Times are good for the newly minted MBAs out of Dartmouth College’s Tuck School of Business. The 2014 cohort of Tuckies posted record-setting job placement stats, with 98% having job offers three months after graduation. Average starting salaries jumped to $117,869.  Job offers in consulting and tech jumped 8% and 5%, respectively. Tuck MBAs working in “other” were at 4%.

What does working for “other” mean? Paul Turbeville knows.

While many of his fellow grads weighed offers this year from Google or Microsoft and McKinsey or Bain, Turbeville was knocking on the door of the career development office with a rather unusual request. Turbeville wanted a career in brand management not at the likes of PepsiCo or Procter & Gamble, but working for a small, highly collaborative company within a reasonable commuting radius of Dartmouth’s campus in Hanover, New Hampshire. Turbeville literally had a map with a circle. Towns within the circle were OK. Towns outside of the circle were not. It’s good to know what you want.

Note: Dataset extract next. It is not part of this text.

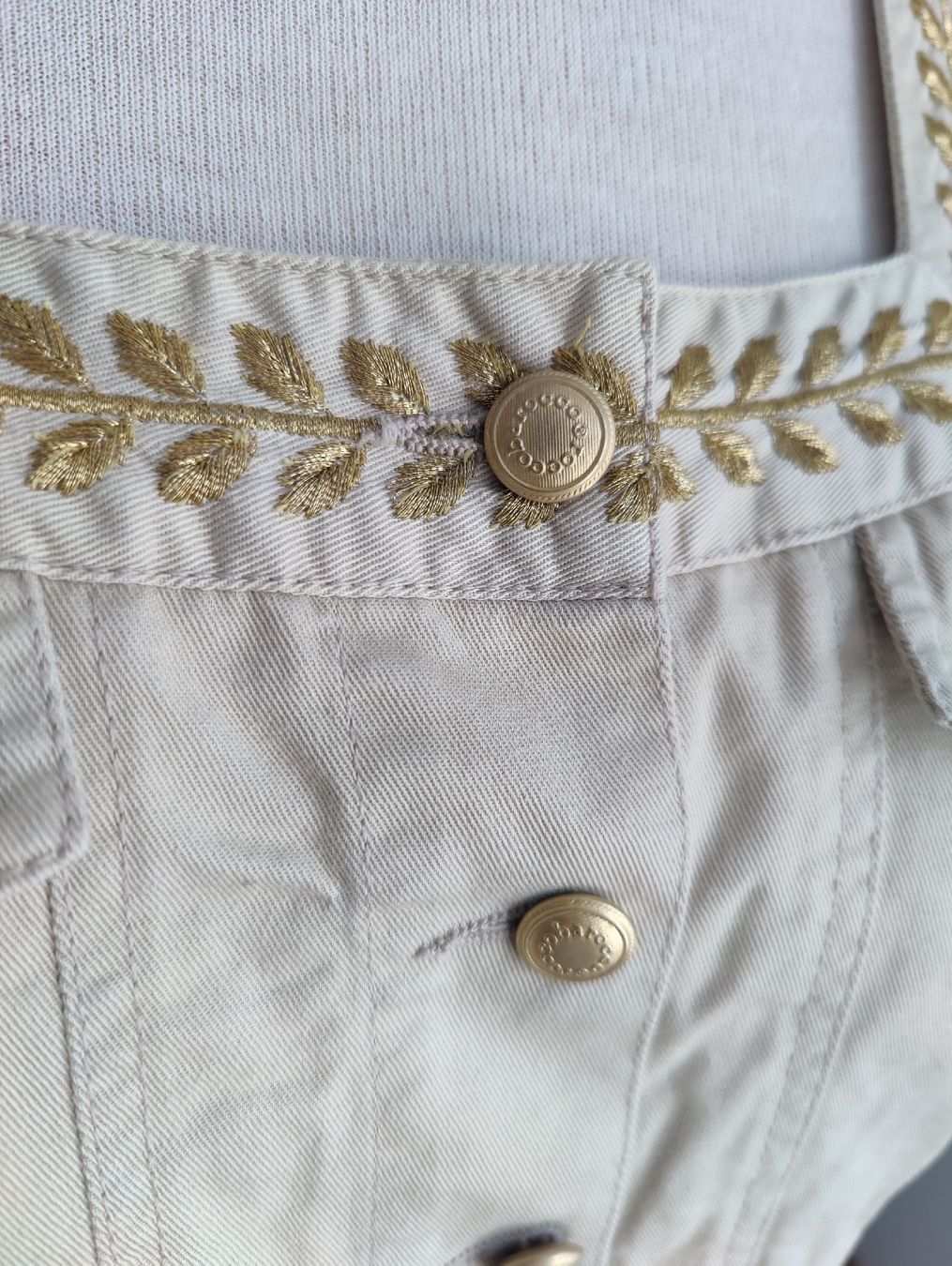 Top: Vintage Roccobarocco Embroidered Crop Top Jacket – Usato da La Tour-de-Peilz venduto da dAutrefois 7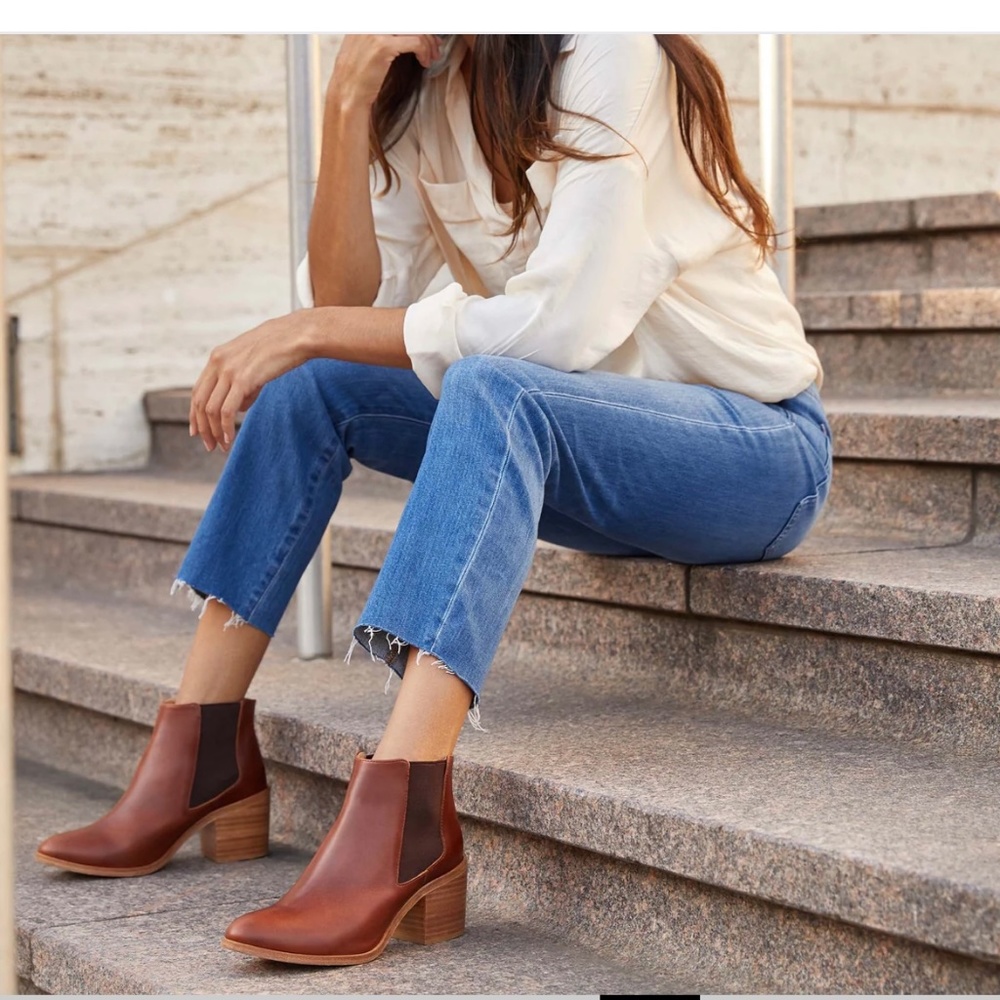 Nisolo Heeled Chelsea Boots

Turbeville has a young daughter, a wife with a good job at Dartmouth, and didn’t want to leave the quiet rural New England lifestyle. A West Point grad, he came to Tuck in 2012 after a five-year stint as an engineer officer for the U.S. Army. During his service, Turbeville traveled from Kentucky to Iraq to Jordan to Kuwait, gaining immense leadership skills along the way. “No other place puts a 22-year-old in charge of 45 people in a combat situation,” says Turbeville.

JOINING THE TUCK PARTY

Once he left the military, Turbeville took a logical step and spent two years doing government engineering consulting in D.C. while his wife was completing a master’s degree. It was there that Turbeville decided he wanted to work in the private sector and decided an MBA was the best route to get him there. Turbeville targeted a few elite business schools, went through the application process and was accepted to both UC-Berkeley and Tuck.

It was at the wedding of a good friend from the Army, a Tuck graduate no less, that Turbeville learned a valuable and life-changing lesson. Tuckies don’t just rock together—they roll together.

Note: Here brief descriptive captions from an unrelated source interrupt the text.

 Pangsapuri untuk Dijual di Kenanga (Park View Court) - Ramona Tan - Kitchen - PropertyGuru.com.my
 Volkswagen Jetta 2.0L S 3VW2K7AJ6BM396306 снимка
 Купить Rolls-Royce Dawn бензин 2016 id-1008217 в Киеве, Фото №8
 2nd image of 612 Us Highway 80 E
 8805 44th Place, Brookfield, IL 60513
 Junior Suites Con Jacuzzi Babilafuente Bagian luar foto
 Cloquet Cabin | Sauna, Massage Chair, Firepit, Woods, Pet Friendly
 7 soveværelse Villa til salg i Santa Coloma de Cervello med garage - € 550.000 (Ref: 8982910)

“When you tell a Tuckie you are interested in Tuck and they learn about you, they put you in touch with people,” Turbeville says. “A lot of people from all walks of life. I got a consistent story of a small, tight-knit and collaborative group. Career-wise, there is not a ton of difference in the Top 10 schools and Tuckies really seemed to have a good time.”

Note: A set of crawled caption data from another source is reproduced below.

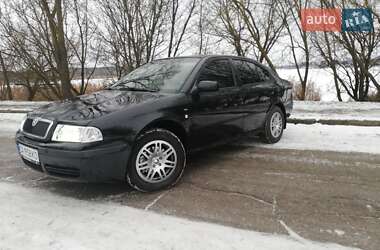 Лифтбек Skoda Octavia 2001 в Черкассах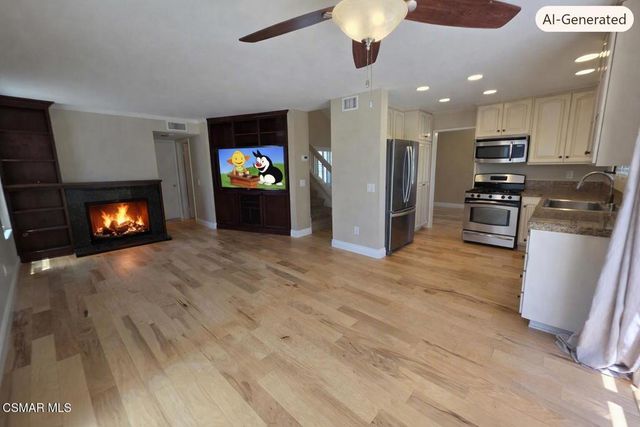 208 Calle Tamega, Camarillo, CA 93012
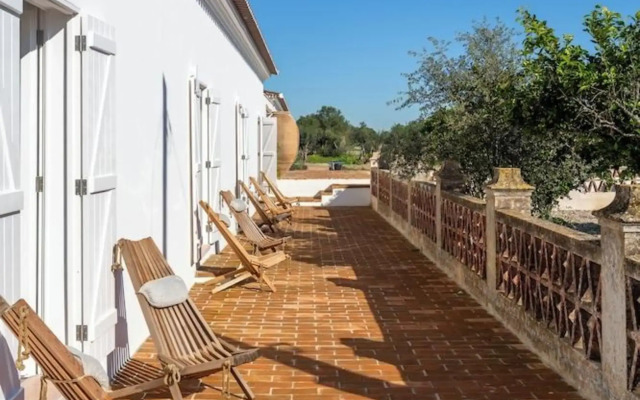 Cenoura-Brava Villas & Suites.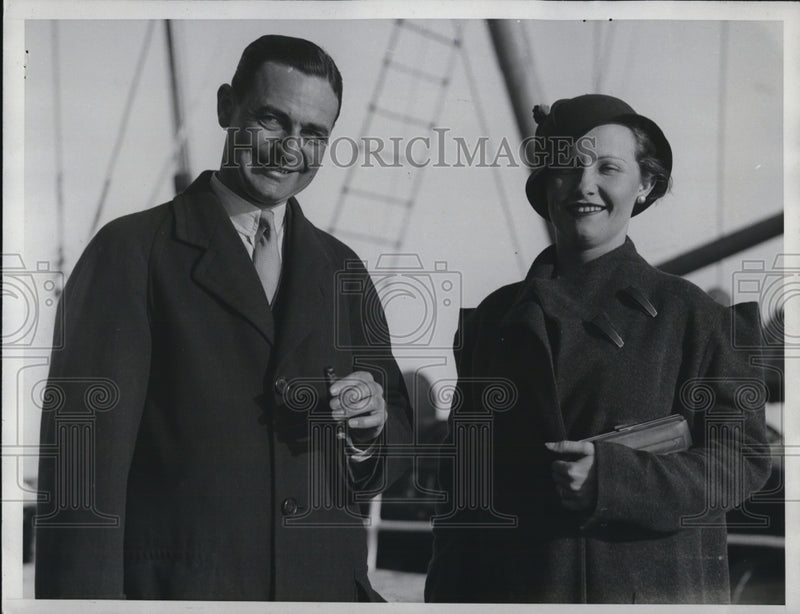 Load image into Gallery viewer, 1934 Press Photo George R McCord &amp; bride Josephine O'Reardon
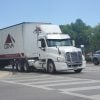 Trump exige que los camioneros de EEUU hablen inglés y pasen prueba de “alfabetización”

A SUMMER INTERNSHIP AT GILLETTE ON THE MACH 3 RAZOR

He packed his bags and went straight to Tuck’s leafy campus in Hanover, N.H. After his first year, Turbeville interned at Gillette doing brand management for the Mach 3 Razor. “I am pretty sure I was mailed a razor almost exactly like it when I was 13,” says Turbeville. “And it was perfect because despite what my Colgate and Unilever friends would say, Procter & Gamble pretty much wrote the book on branding and brand management.”

Turbeville was immersed in all things Mach 3. He did some creative work. He investigated expansion opportunities in Asia. He examined shelf space and retail margins at Wal-Mart. Turbeville learned two things about himself through the experience. First, he loves brand management. Second, he loves working in small, intimate and collegial teams at small companies. That spurred his knocking on the career development office door for a less-than-mainstream MBA job.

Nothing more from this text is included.